#### Print Environment Variables

In [1]:
import os
print(os.environ.get("SPARK_HOME"))
print(os.environ.get("KAFKA_HOME"))
print(os.environ.get("HADOOP_HOME"))
print(os.environ.get("JAVA_HOME"))

C:\spark\spark-3.4.4-bin-hadoop3-scala2.13
C:\kafka\kafka_2.13-3.9.0
C:\hadoop-3.3.6
C:\Program Files\Java\jdk-1.8


#### Spark Session with Kafka Support

In [2]:
from pyspark.sql import SparkSession

spark = (
    SparkSession.builder
    .appName("KafkaRetailConsumer")
    .master("local[*]")
    .getOrCreate()
)


print("Spark Version:", spark.version)
spark.stop()


Spark Version: 3.4.4


In [3]:
from pyspark.sql import SparkSession

spark = (
    SparkSession.builder
    .appName("KafkaRetailConsumer")
    .master("local[*]")
    # .config("spark.sql.shuffle.partitions", "2")
    # .config("spark.sql.streaming.schemaInference", "true")
    .config("spark.jars.packages",
            "org.apache.spark:spark-sql-kafka-0-10_2.13:3.4.4,"
            "org.apache.spark:spark-token-provider-kafka-0-10_2.13:3.4.4,"
            "org.apache.kafka:kafka-clients:3.5.1,"
            "org.apache.commons:commons-pool2:2.11.1,"
            "io.delta:delta-spark_2.13:2.4.0")
    .config("spark.sql.extensions", "io.delta.sql.DeltaSparkSessionExtension")
    .config("spark.sql.catalog.spark_catalog", "org.apache.spark.sql.delta.catalog.DeltaCatalog")
    .getOrCreate()
)


#### Read from Kafka Topics

In [4]:
df_raw = (
    spark.readStream
    .format("kafka")
    .option("kafka.bootstrap.servers", "localhost:9092")
    .option("subscribe", "retail_orders_us,retail_orders_in,retail_orders_others")
    .option("startingOffsets", "earliest")  # "latest" if you only want new ones
    .load()
)

#### Parse The JSON Messages

In [5]:
from pyspark.sql.functions import col, from_json
from pyspark.sql.types import StructType, StringType, IntegerType, FloatType, TimestampType

schema = StructType() \
    .add("order_id", StringType()) \
    .add("product_id", StringType()) \
    .add("quantity", StringType()) \
    .add("price", StringType()) \
    .add("country", StringType()) \
    .add("channel", StringType()) \
    .add("timestamp", StringType())

df_parsed = (
    df_raw
    .selectExpr("CAST(value AS STRING)", "topic", "partition", "offset")
    .withColumn("jsonData", from_json(col("value"), schema))
    .select(
        "topic", "partition", "offset",
        col("jsonData.*"))
    .withColumn("quantity", col("quantity").cast("int"))
    .withColumn("price", col("price").cast("float"))

)


#### Write Stream to Delta - Partitioned by Country

In [None]:
from pyspark.sql.functions import col

def debug_batch(df, epoch_id):
    if df.count() == 0:
        print(f"---- Batch {epoch_id} is empty ----")
        return

    print(f"---- Processing Batch {epoch_id} ----")
    df.show(truncate=False)

    (
        df.write
        .format("delta")
        .mode("append")
        .partitionBy("country")
        .save("delta/orders_by_country")
    )

    print(f"---- Batch {epoch_id} written to Delta ----")
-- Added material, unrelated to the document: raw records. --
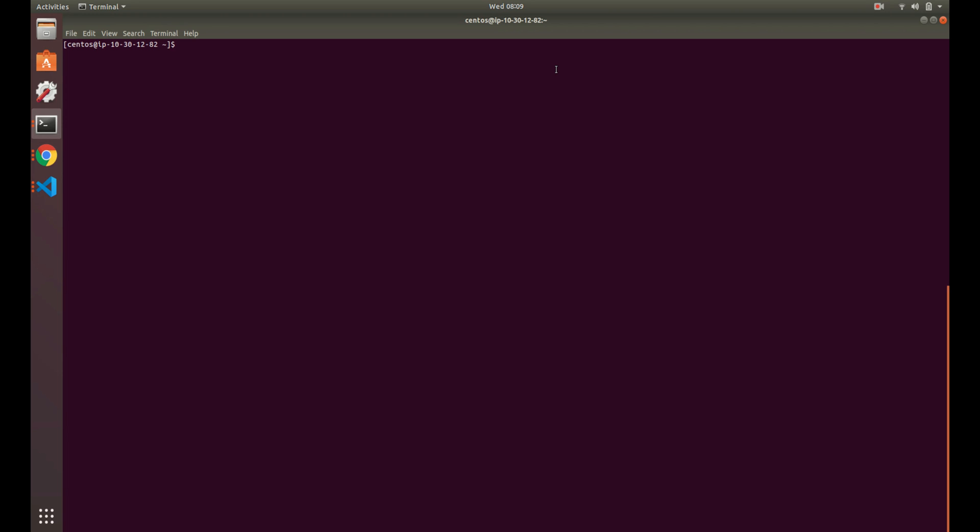Howdy folks, just going to go over a very brief quick tip on using Ctrl+R in the terminal. Ctrl+R is an amazing tool. I didn't learn about it until a few years ago, and once I learned about it, I never went back.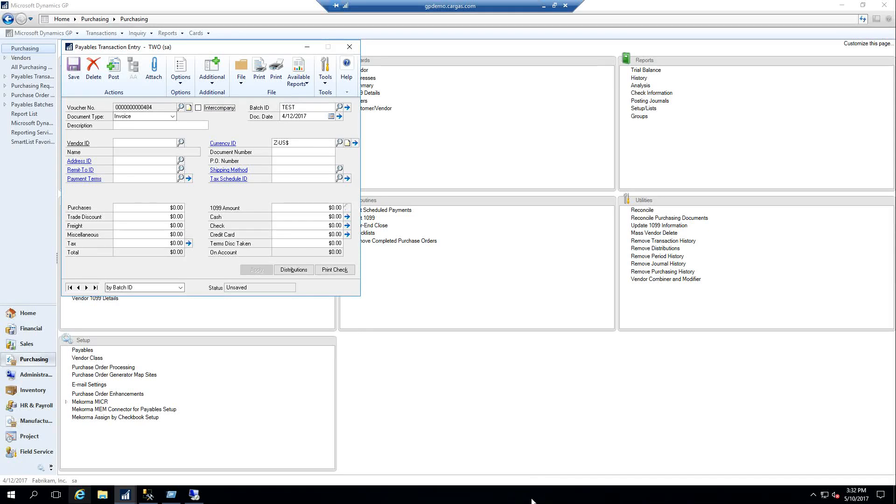Hi, this is Charlie Savko with Cargo Systems. Today we're going to be taking a look at the Revenue and Expense Deferrals module within GP.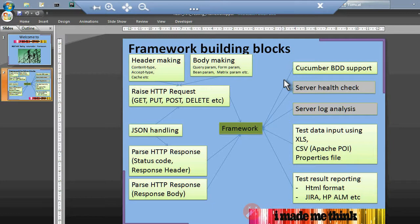Apart from mandatory features, we can consider additional modules. It should support Cucumber BDD framework, which is the recent trend in the market for writing test cases. Server health check is also a nice feature — before we start our test suite, we can check if the server is available and the application is running properly, or even start the application using automation in a test environment. This will save time in the longer run.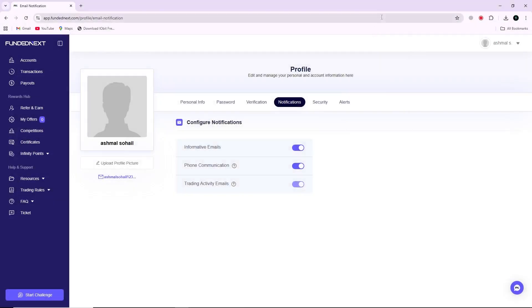Hello everyone. In this video, I will guide you through the steps to set up two-step authentication on your FundedNext account.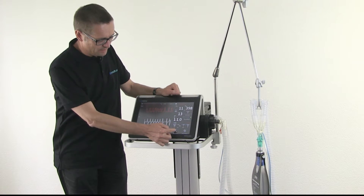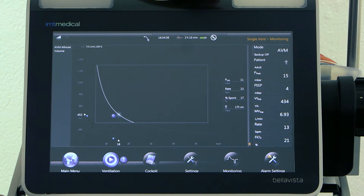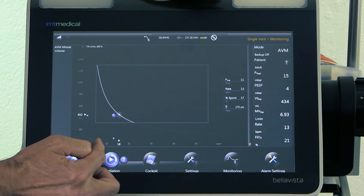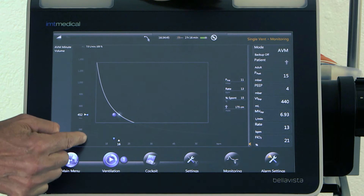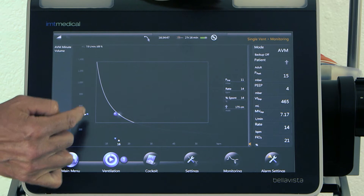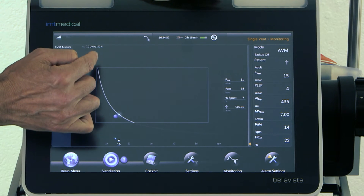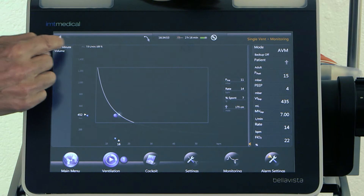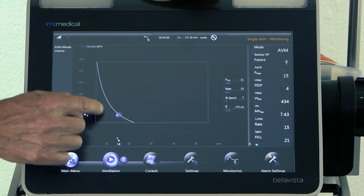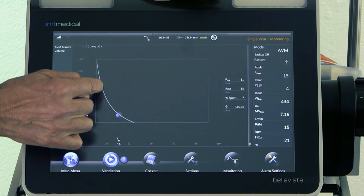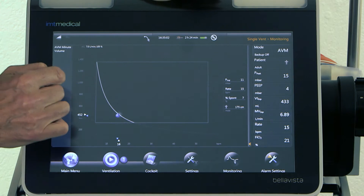We can have another look at this as well — it's called the AVM graphic. On the horizontal we see the rate, and on the vertical we see the tidal volume. This line here is the minute volume of 7 liters per minute we have just set. So 7 liters per minute can be achieved with a very low rate and high tidal volume, or a high rate and a low tidal volume.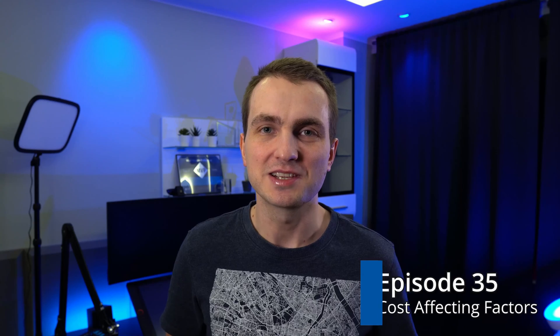Welcome back everyone. This time we will learn about the key factors that affect the cost of your Azure services. My name is Adam and welcome back to Azure Fundamentals course.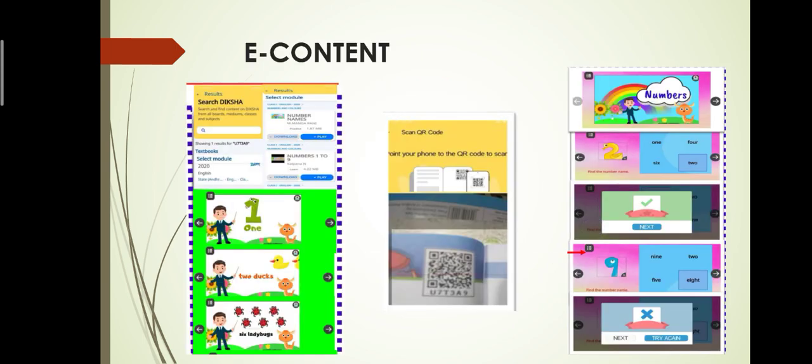Thank you one and all. Let's watch the e-content. This is the e-content uploaded on our Diksha platform, for Numbers.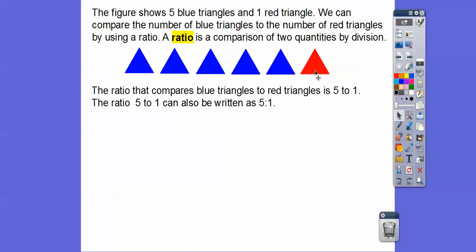The ratio that compares these five blue triangles to one red triangle is five to one. This stands for the five blue and this stands for the one red. The ratio of five to one can also be written with a colon in between — so five colon one — which also says five to one.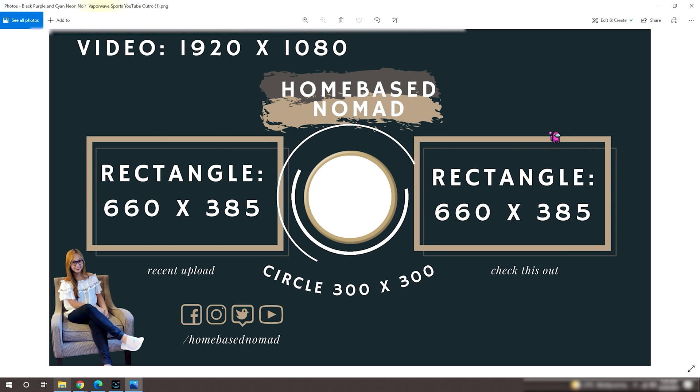So that's it! I hope I was able to share with you an idea on how to create your YouTube outro using Canva. Thank you guys for watching! Thumbs if you like it. Sub if you love it. Peace!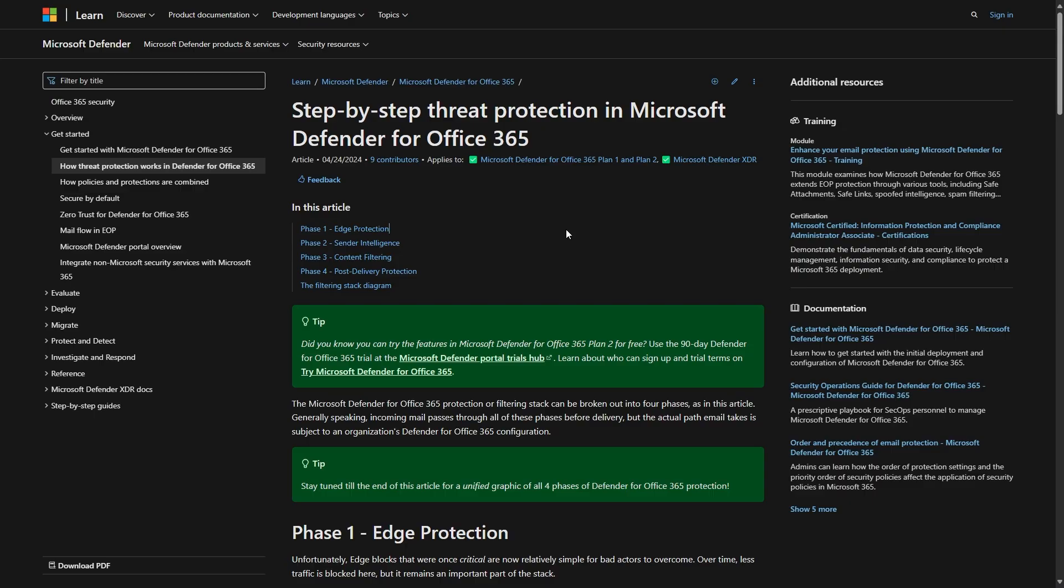Business Premium includes Defender for Office 365 Plan 1. The main benefits are safe attachments and safe links. When you combine this with the standard Exchange Online Protection features, you can create a very robust anti-spam solution for your business.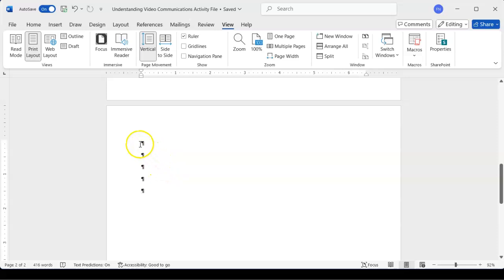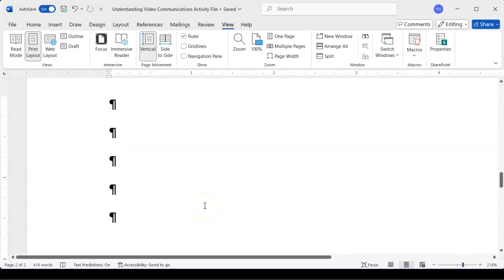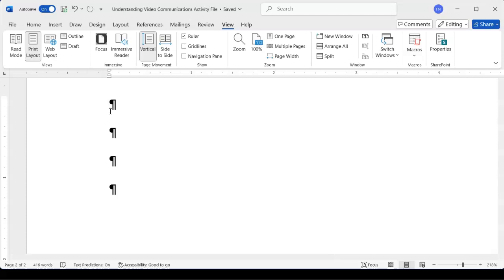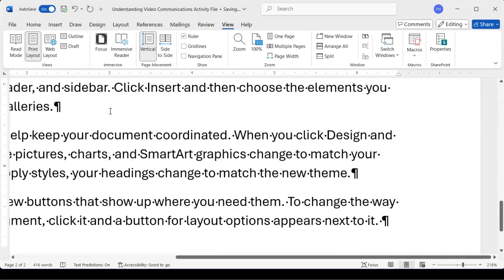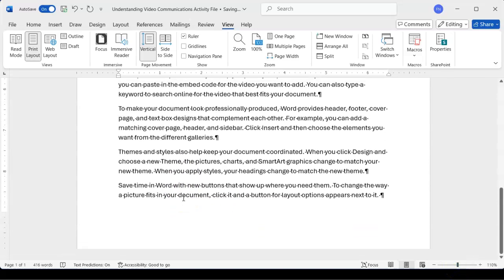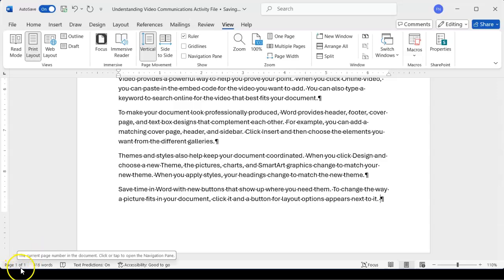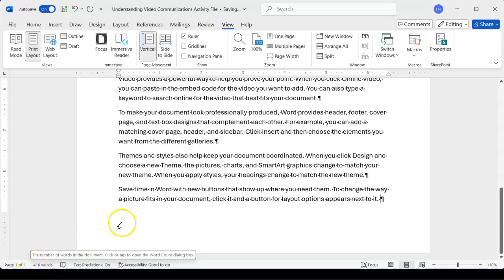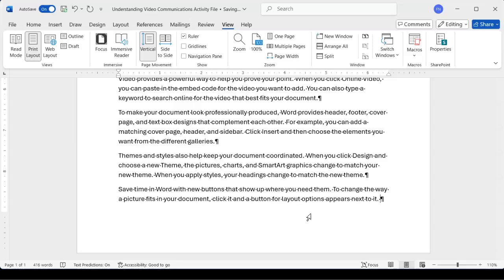I'm going to place my cursor in front of this non-printing character — this paragraph mark — and press the Delete key. That removes that one. I'll press Delete again, and again, removing them one by one. Now if I zoom out, we don't have another page — we're back to just one page. Remember: to get rid of a blank page, use your non-printing characters.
# Start the streaming query
query = (
    df_parsed.writeStream
    .outputMode("append")
    .foreachBatch(debug_batch)
    .option("checkpointLocation", "delta/checkpoints/orders_by_country_batch")
    .start()
)

query.awaitTermination(120)


---- Processing Batch 0 ----
+----------------+---------+------+--------+----------+--------+------+-------+-------+--------------------+
|topic           |partition|offset|order_id|product_id|quantity|price |country|channel|timestamp           |
+----------------+---------+------+--------+----------+--------+------+-------+-------+--------------------+
|retail_orders_us|0        |0     |ORD001  |P106      |2       |179.01|US     |mobile |2025-04-07T10:00:00Z|
|retail_orders_us|0        |1     |ORD004  |P108      |3       |129.7 |US     |online |2025-04-07T10:00:45Z|
|retail_orders_us|0        |2     |ORD007  |P125      |1       |130.6 |US     |mobile |2025-04-07T10:01:30Z|
|retail_orders_us|0        |3     |ORD009  |P141      |3       |54.91 |US     |store  |2025-04-07T10:02:00Z|
|retail_orders_us|0        |4     |ORD013  |P111      |5       |144.08|US     |online |2025-04-07T10:03:00Z|
|retail_orders_us|0        |5     |ORD014  |P149      |4       |131.83|US     |mobile |2025-04-07T1

In [None]:
# Code for testing the parsed dataframe
df_parsed.writeStream.format("console").start().awaitTermination(10)
query.stop()
df_parsed.printSchema()

False

#### Query the Delta Tables

In [6]:
df_all = spark.read.format("delta").load("delta/orders_by_country")
df_all.createOrReplaceTempView("orders")

spark.sql("SELECT country, COUNT(*) FROM orders GROUP BY country").show()


+-------+--------+
|country|count(1)|
+-------+--------+
|     GE|      22|
|     UK|      20|
|     US|      18|
|     IN|      16|
|     FR|      13|
|     CA|      11|
+-------+--------+



In [7]:
spark.sql("SELECT * FROM orders").show()

+--------------------+---------+------+--------+----------+--------+------+-------+-------+--------------------+
|               topic|partition|offset|order_id|product_id|quantity| price|country|channel|           timestamp|
+--------------------+---------+------+--------+----------+--------+------+-------+-------+--------------------+
|retail_orders_others|        1|     1|  ORD006|      P130|       3| 62.13|     GE| online|2025-04-07T10:01:15Z|
|retail_orders_others|        1|     3|  ORD010|      P109|       2| 61.81|     GE| online|2025-04-07T10:02:15Z|
|retail_orders_others|        1|     6|  ORD017|      P120|       5|198.89|     GE| online|2025-04-07T10:04:00Z|
|retail_orders_others|        1|     7|  ORD018|      P137|       2|141.92|     GE| mobile|2025-04-07T10:04:15Z|
|retail_orders_others|        1|     8|  ORD019|      P120|       1| 68.73|     GE|  store|2025-04-07T10:04:30Z|
|retail_orders_others|        1|     9|  ORD023|      P108|       2|135.57|     GE| online|2025-

#### Dynamic Table Creation for "Channel" context

In [9]:
from pyspark.sql.functions import col

def write_per_channel(batch_df, batch_id):
    print(f"\n Processing Batch: {batch_id}")
    
    channels = [row['channel'] for row in batch_df.select("channel").distinct().collect()]
    
    for channel in channels:
        channel_df = batch_df.filter(col("channel") == channel)
        output_path = f"delta/dynamic_orders/{channel}"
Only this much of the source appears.